__ASSIGNMENT__
An exact copy of the data is required, with no pictures in it.

__GIVEN INFORMATION__
════════════════════

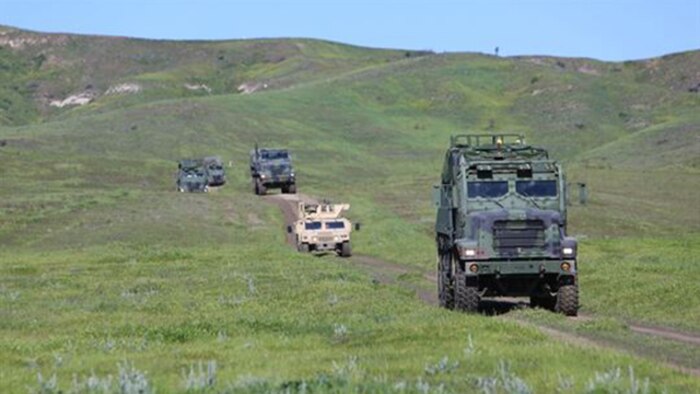 Marines with 2nd Platoon, Truck Company, Headquarters Battalion, 1st Marine Division conduct a convoy operations training exercise aboard Marine Corps Base Camp Pendleton, California, March 3, 2015. The training exercise is designed to prepare the platoon’s junior Marines for convoy operations if they are in a deployed environment. 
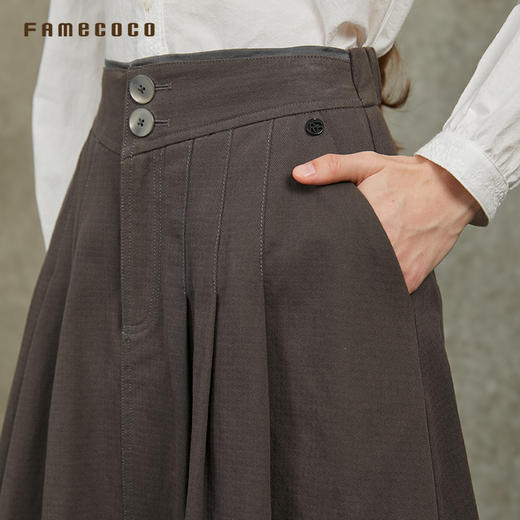 Famecoco范可儿中腰A字半裙长款纯色百搭文艺半身裙FAC6HA004 商品图4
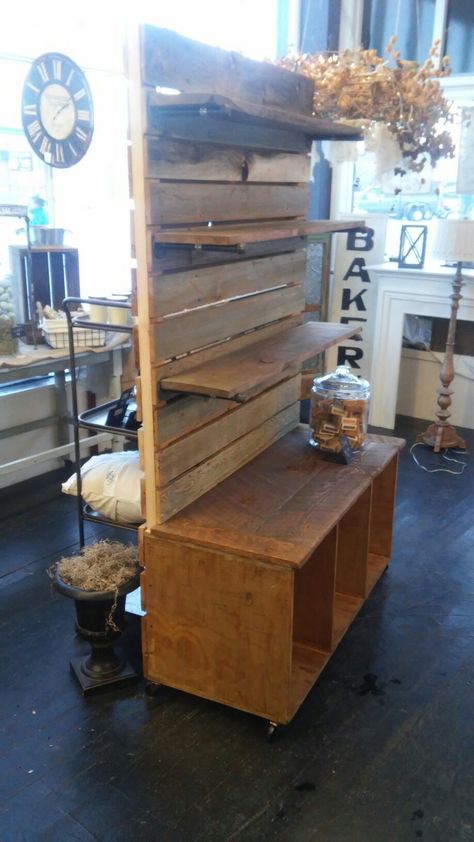 Rolling slat wall apothacary cabinet @vintagecottage5 Vendor Booth Display Walls, Slat Wall Display Retail, Boutique Slat Wall Ideas, Retail Slat Wall Ideas Display, Antique Booth Wall Ideas, Pallet Display Ideas Retail, Consignment Shop Ideas, Booth Walls, Boutique Store Displays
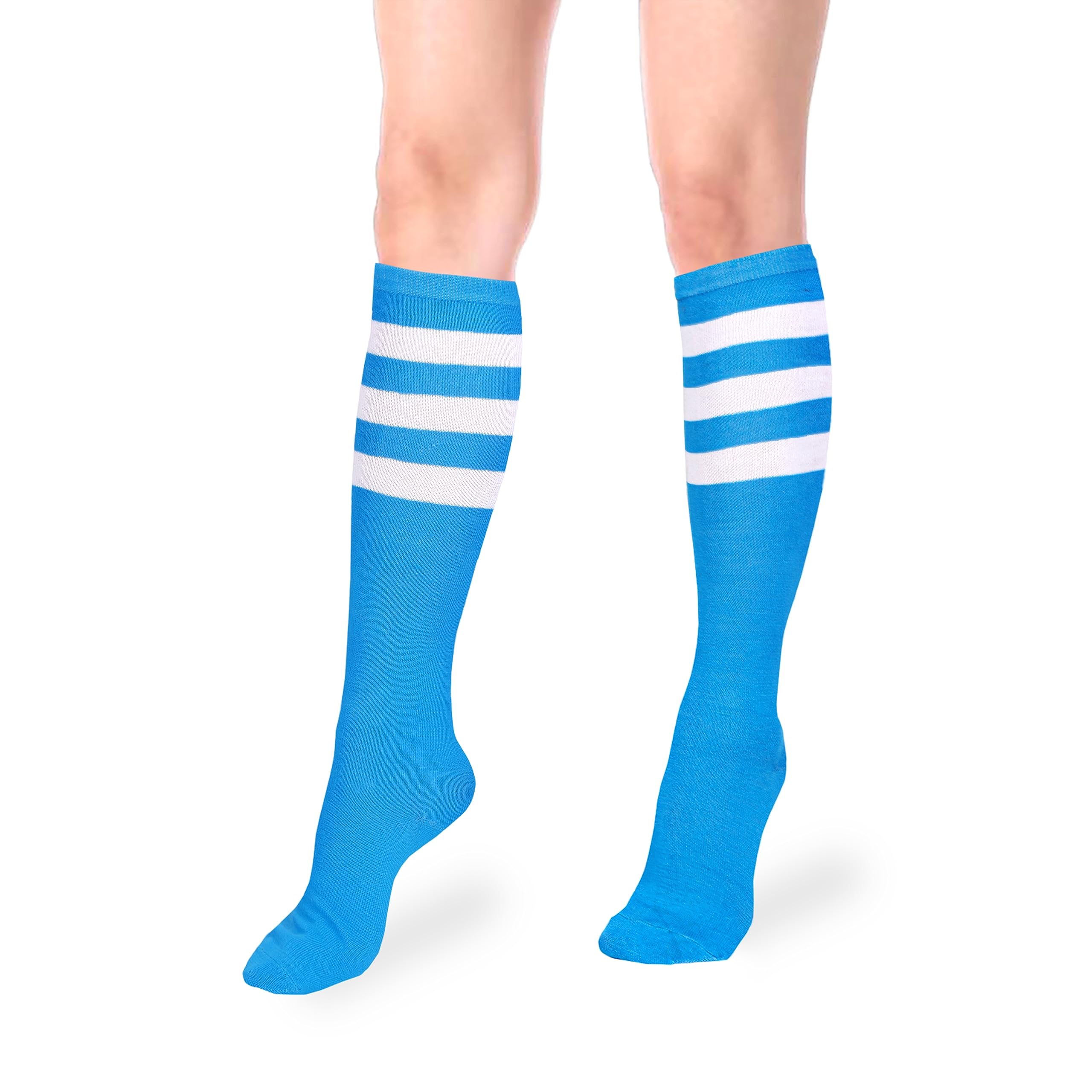 Violet Mist Women's Knee High Socks - 3 Striped Argyle Checkered Pattern Athletic Long Tube Socks for Girls & Teens - Perfect for School, Sports, Casual Outfits & Winter Fashion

════════════════════

__RESULT BELOW__
 Marines with 2nd Platoon, Truck Company, Headquarters Battalion, 1st Marine Division conduct a convoy operations training exercise aboard Marine Corps Base Camp Pendleton, California, March 3, 2015. The training exercise is designed to prepare the platoon’s junior Marines for convoy operations if they are in a deployed environment. 
 Famecoco范可儿中腰A字半裙长款纯色百搭文艺半身裙FAC6HA004 商品图4
 Rolling slat wall apothacary cabinet @vintagecottage5 Vendor Booth Display Walls, Slat Wall Display Retail, Boutique Slat Wall Ideas, Retail Slat Wall Ideas Display, Antique Booth Wall Ideas, Pallet Display Ideas Retail, Consignment Shop Ideas, Booth Walls, Boutique Store Displays
 Violet Mist Women's Knee High Socks - 3 Striped Argyle Checkered Pattern Athletic Long Tube Socks for Girls & Teens - Perfect for School, Sports, Casual Outfits & Winter Fashion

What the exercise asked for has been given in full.